Roberto Abbado non ha problemi a gestire l'imponente orchestra ottenendone una affascinante densità strumentale che sottolinea i colori della partitura e di questa sostiene i ritmi veloci senza rinunciare alla morbidezza del suono, anzi forse è proprio negli episodi più intimi che trova il suo passo ideale, pur non trascurando le grandi scene corali dove eccelle, sia dal punto di vista vocale che interpretativo, il coro del Teatro preparato da Roberto Gabbiani. Nelle scene di massa lo spettacolo funziona proprio perchè la regia regala visioni grottesche e visionare e Abbado garantisce un governo perfetto della buca con controllo totale di ogni sezione strumentale.
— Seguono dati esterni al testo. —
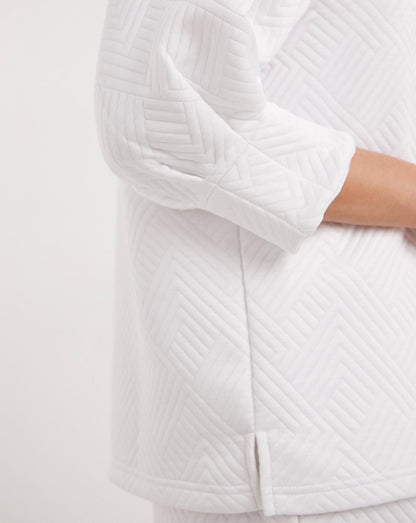  Pretty Secrets Quilted Lounge Short Set| White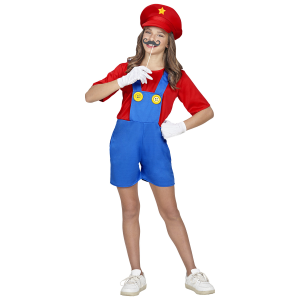 VESTITO CARNEVALE + ACCESSORI SUPER IDRAULICA TUTA CAPPELLO BAFFI 5/7 ANNI - 0869+0835O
John Osborn affronta il difficilissimo ruolo del titolo con molta baldanza e dimostra di essere correttamente all'altezza della parte in ogni registro: il centrale è robusto e screziato di bruniture, l'acuto è solido e luminoso; il tenore fraseggia in modo eccellente e usa una tecnica curatissima che lo porta a eccellere nei passaggi in cui sono fondamentali leggerezza e dolcezza. Una rivelazione la giovane Mariangela Sicilia: la sua Teresa ha bella voce, morbida e seducente, e spicca nelle colorature, mentre i momenti intimi sono assai appassionati e si dimostra di gran temperamento quando serve. L'Ascanio di Varduhi Abrahamyan è parimenti sorprendente: la linea di canto è solida e ricca di armonici e chiaroscuri ragguardevoli, il timbro è bello e il volume importante ma ben gestito, la capacità attoriale notevolissima e gli acuti dell'aria del secondo atto non le creano alcuna difficoltà. Nicola Ulivieri è un ottimo Balducci, elegante e di notevole personalità: è lui che fornisce un solido fondamento teatrale alla vicenda che non diventa macchiettistica. Alessandro Luongo è un Fieramosca bello ed elegante, l'opposto di Cellini nel fisico e nell'abbigliamento, a tratti vocalmente sovrastato dall'orchestra ma non nel duetto perfetto con Andrea Giovannini (Pompeo). Immagine surreale il Papa di Marco Spotti, truccato e abbigliato come fosse Turandot; il basso è in grado di sprofondare negli abissi della partitura con grande presa emotiva. Francesco e Bernardino, i due aiutanti di Cellini, hanno parrucche vistose, disinvoltura scenica e voci adeguate, rispettivamente quelle di Matteo Falcier e Graziano Dallavalle. A completare il cast il Taverniere di Vladimir Reutov.